世の中不公平。それは誰しもが感じるものだろうと思う。私が強く感じたのは他でもない、大学受験だった。
高校受験で第一志望校に合格できず、第二志望の高校に進学した。大学受験では絶対に成功して、いわゆる高学歴となれるような大学に進みたいと強く願うようになった。
高校に入学すると、周りは高校受験が終わった安心感で空気はゆるゆる。勉強を熱心にしている人を馬鹿にするような人もいた。もちろん全員ではないけども。
私は高校一年生の頃から大学受験を見据えて勉強をすることを決意して、部活も運動部ではなく文化系の部活に所属。アルバイトもしなかった。高校三年間を大学受験に注いで、全てを犠牲にしてまでも良い大学に進みたかった。

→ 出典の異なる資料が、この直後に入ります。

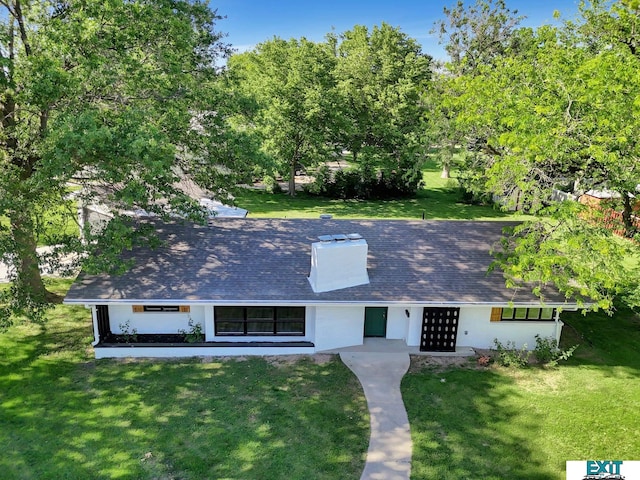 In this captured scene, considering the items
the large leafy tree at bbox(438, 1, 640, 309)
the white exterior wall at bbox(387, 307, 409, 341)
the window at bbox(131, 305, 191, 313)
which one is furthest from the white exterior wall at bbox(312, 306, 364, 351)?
the large leafy tree at bbox(438, 1, 640, 309)

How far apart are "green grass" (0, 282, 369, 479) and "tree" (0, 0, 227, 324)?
2786mm

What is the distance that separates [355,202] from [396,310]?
2324 centimetres

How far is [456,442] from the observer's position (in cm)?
1180

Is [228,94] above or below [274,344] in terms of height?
above

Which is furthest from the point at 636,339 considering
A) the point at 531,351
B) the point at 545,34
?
the point at 545,34

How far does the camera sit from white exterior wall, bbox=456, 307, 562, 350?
52.2 ft

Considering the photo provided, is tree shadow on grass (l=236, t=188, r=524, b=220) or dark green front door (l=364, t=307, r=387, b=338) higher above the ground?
tree shadow on grass (l=236, t=188, r=524, b=220)

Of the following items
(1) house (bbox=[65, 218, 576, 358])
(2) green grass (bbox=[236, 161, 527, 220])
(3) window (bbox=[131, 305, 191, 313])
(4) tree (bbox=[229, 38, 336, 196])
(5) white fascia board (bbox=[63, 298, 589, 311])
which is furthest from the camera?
(4) tree (bbox=[229, 38, 336, 196])

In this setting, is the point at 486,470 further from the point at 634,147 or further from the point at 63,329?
the point at 63,329

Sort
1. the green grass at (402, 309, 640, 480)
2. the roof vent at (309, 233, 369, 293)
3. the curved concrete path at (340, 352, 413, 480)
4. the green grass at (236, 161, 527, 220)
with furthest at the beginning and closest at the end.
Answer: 1. the green grass at (236, 161, 527, 220)
2. the roof vent at (309, 233, 369, 293)
3. the green grass at (402, 309, 640, 480)
4. the curved concrete path at (340, 352, 413, 480)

ここにはやはり学歴コンプレックスや両親の低学歴、周りと比べてみても生活レベルの低さなど様々な理由があったのだろうと思う。
小学校の時に住んでいたアパートはかなりボロく、家を教えるのもすごく恥ずかしかった。でも隠し通せるわけはなく、どこからか漏れて馬鹿にされることもあった。子どもながらにすごく傷ついたし、そんな暮らしを強いられている自分が惨めでこんな暮らしをする大人にはなりたくないと、両親を軽蔑した。
父はFラン大学卒、母は高卒で両親ともに低学歴。父は潰れそうな会社に勤めていて最終的には給料の支払いが遅れて、そのまま倒産。無職状態になり、今はアルバイトを何個も掛け持ちしている状態。母は遅くまでパートで休みなどしばらく取っていない。
両親の働きのおかげで今の私があるし、高校時代にバイトすることなく受験勉強にのめりこめたし、大学進学を決めることができたのも事実で、感謝はしてる。
ただ両親の仲は悪く、帰宅時間も遅いから一緒に過ごす時間は他の家庭よりは少なくて、家庭環境は良いとは言えない。母は会社が忙しくなったりトラブルを抱えると、私たち兄弟に八つ当たりするなどは日常茶飯事で、何度も何度もなぜ自分がこんな思いをしなければならないのかと涙した。
安定してるときは優しくて、害はないのにどうしても忙しくて余裕がなくなると一気に機嫌が悪くなる、そんな母だ。今も特に変わらない。
父とはもう何年も話してない。完全に家庭内別居状態で、父は家族の誰とも話さない。正直異常だと思う。警察の人に心配されたこともある。(偶然、警察の人が家に来たことがあって)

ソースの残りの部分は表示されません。